At the end of 1993, the
Washington Post requested documents relating to the
Whitewater affair. Debate heated up in the White House over whether to call
for the appointment of a special counsel to investigate the matter. Many on
the staff believed it was the only way to calm the controversy, while Mrs.
Clinton and the Clinton legal team believed it would be just the beginning of
prying into the First Couple's private life.
Gergen: Mack set up a coffee that Saturday morning just off the Oval
Office after the president had his radio address to have a chance to talk to
the president. And George Stephanopoulos came to that meeting and he also
agreed on the need for disclosure. I made a very strong argument to the
president why I felt we had to disclose the documents. George was strong. He
was just right there, saying, it's, "You really got to do this." And, Mack
Then he turned to me and said, "Now, you've got to go talk to my wife. You got
to persuade her to do it." I said, "Okay, fine." So, that Monday morning I
started calling for an appointment. I never got an appointment. They kept on
saying, "I'm sorry, she's too busy." Too busy.
Which told you what?
Gergen: It told me she made up her mind, didn't really want to hear the
argument. And it also told me that she had a veto power over this question.
And that, in fact, there were, on some issues, there was a co-presidency.
Stephanopoulos: Gergen kind of took the tack of "You've actually
received quite favorable coverage from the Washington Post. You
received the best first year of coverage of any president I've ever worked
with." And I took a somewhat different tack to kind of get to the same end. I
kind of agreed with the president. "Mr. President, you're right. The
Post has been unfair. All the press has been unfair. They've been out to
get you from the start. All the more reason to give them this right now.
Don't give an excuse. Instead, let's just give them the documents then we'll
move on. And you won't open yourself up to the cover up charge."
I thought we had him convinced. It seemed to me at the time that we had him
convinced. He said he wanted to go think about it. He went back later that
afternoon and we just got the word through Mack that he decided not to. And,
you know, basically the lawyer said it was too risky. Hillary and the lawyer
said it was too risky and they weren't going to do it.
Myers: And I think David Kendall and some other people believed that
once you did that, once you started turning over your personal records of
events that transpired 20 years ago, that had nothing to do with your
stewardship of the country, nothing to do with your role as president or first
lady, nothing to do with the public trust, that you couldn't, you would never
stop. That the requests would come and come and come. Today it's Whitewater,
tomorrow it's tax returns or whatever. And that it would just open a door that
they didn't want to open. And, in some ways, I mean, it's their life. It was
hard for us to argue that they should walk through that door.
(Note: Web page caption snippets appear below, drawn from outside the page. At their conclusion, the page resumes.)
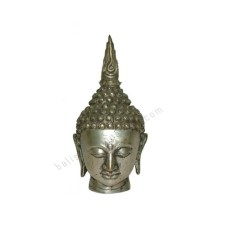 Bronze Thai Buddha Head Antique Silver 20 cm
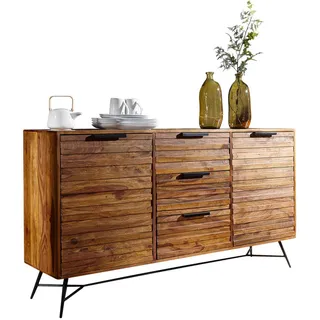 Wohnling Sideboard NISHAN 160 x 40 x 88 cm - braun - LBH 160x40x88 cm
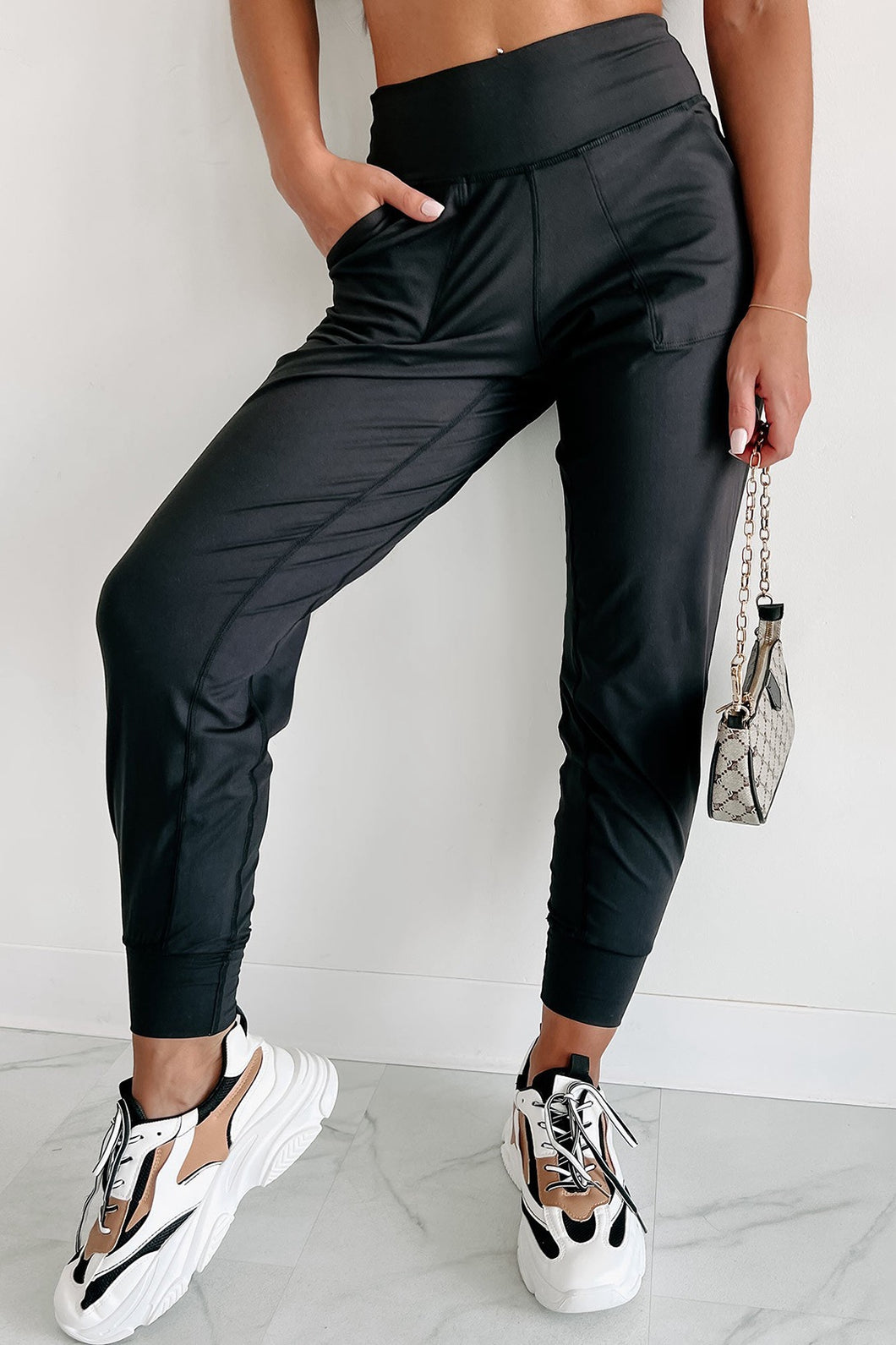 PREORDER Black Exposed Seam High Waist Pocketed Joggers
Reich: I think that they were very hurt by that Whitewater
investigation. The first lady was bewildered by it. She had already taken a
great deal of heat during the campaign of 1992 for who she was, for how she
acted. And she felt hurt by that. The Whitewater investigation, she felt, was
unjustified. There was nothing wrong. They did nothing. It seemed to be some
sort of a political vendetta. And in the midst of everything else that Bill
Clinton wanted to do and the first lady wanted to do, it seemed just a huge
burden.
Gergen: I honestly believe had we turned over the documents to the
Washington Post in late 1993, we would not have had this hunt in the
press for the documents and hunting down the Clintons. We never would have had
an independent counsel appointed in 1994. There would never have been a Ken
Starr. And there might have been a Monica Lewinsky in Bill Clinton's life, but
I don't think we ever would have heard about her.
To me that was one of the most serious turning points in the administration
because I think that refusal to cooperate with the press led directly to the
pressure to get an independent counsel. And then the avalanche that came, the
pressure that came was so much, the White House couldn't resist it.
Stephanopoulos: If I could take back one day, one decision in my time at
the White House, it would be the decision made on December 11, 1993 not to turn
over those papers to the Washington Post. Can't be proved, but I firmly
believe that we turn those over, we would have never had a Whitewater special
counsel. If you never have the Whitewater special counsel, you never have
Monica. You never have the impeachment of the president.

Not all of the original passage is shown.